Nonlinear evolution equations are crucial for understanding the phenomena in science and technology. One such equation with periodic solutions that has applications in various fields of physics is the Korteweg‐de Vries (KdV) equation. In the present work, we are concerned with the implementation of a newly defined quintic B‐spline basis function in the differential quadrature method for solving the Korteweg‐de Vries (KdV) equation. The results are presented using four experiments involving a single soliton and the interaction of solitons. The accuracy and efficiency of the method are presented by computing the L2 and L∞ norms along with the conservational quantities in the forms of tables. The results show that the proposed scheme not only gives acceptable results but also consumes less time, as shown by the CPU for the elapsed time in two examples.

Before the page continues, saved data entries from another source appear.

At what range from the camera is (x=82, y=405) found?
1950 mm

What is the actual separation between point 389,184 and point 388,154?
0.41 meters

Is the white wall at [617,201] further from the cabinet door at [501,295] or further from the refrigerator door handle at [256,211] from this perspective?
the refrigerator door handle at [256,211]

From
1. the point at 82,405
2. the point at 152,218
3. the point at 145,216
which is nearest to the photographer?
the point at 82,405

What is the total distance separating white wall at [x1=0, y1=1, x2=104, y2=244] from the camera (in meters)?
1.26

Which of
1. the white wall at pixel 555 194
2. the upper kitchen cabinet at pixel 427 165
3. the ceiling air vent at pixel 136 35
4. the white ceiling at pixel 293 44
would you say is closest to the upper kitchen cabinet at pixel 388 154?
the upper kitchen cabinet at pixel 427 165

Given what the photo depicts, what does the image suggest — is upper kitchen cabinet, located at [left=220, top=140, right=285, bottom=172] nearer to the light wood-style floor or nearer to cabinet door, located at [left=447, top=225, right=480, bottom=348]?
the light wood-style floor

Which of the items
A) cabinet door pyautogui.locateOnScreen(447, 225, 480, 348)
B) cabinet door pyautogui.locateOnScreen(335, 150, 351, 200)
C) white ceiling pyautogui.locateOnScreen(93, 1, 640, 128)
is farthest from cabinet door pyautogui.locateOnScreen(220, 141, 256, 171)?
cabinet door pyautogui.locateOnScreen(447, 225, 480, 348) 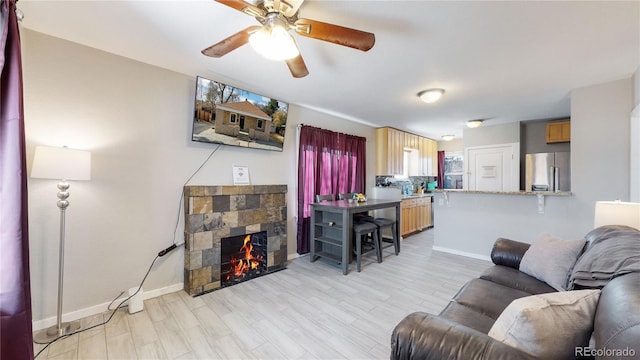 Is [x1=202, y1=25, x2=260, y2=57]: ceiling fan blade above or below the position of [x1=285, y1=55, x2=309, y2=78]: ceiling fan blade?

The graphical representations of the obtained numerical solutions are compared with the exact solution to discuss the nature of solitons and their interactions for more than one soliton.

Suggested Citation

  • Shubham Mishra & Geeta Arora & Homan Emadifar & Soubhagya Kumar Sahoo & Afshin Ghanizadeh, 2022. "Differential Quadrature Method to Examine the Dynamical Behavior of Soliton Solutions to the Korteweg‐de Vries Equation," Advances in Mathematical Physics, John Wiley & Sons, vol. 2022(1).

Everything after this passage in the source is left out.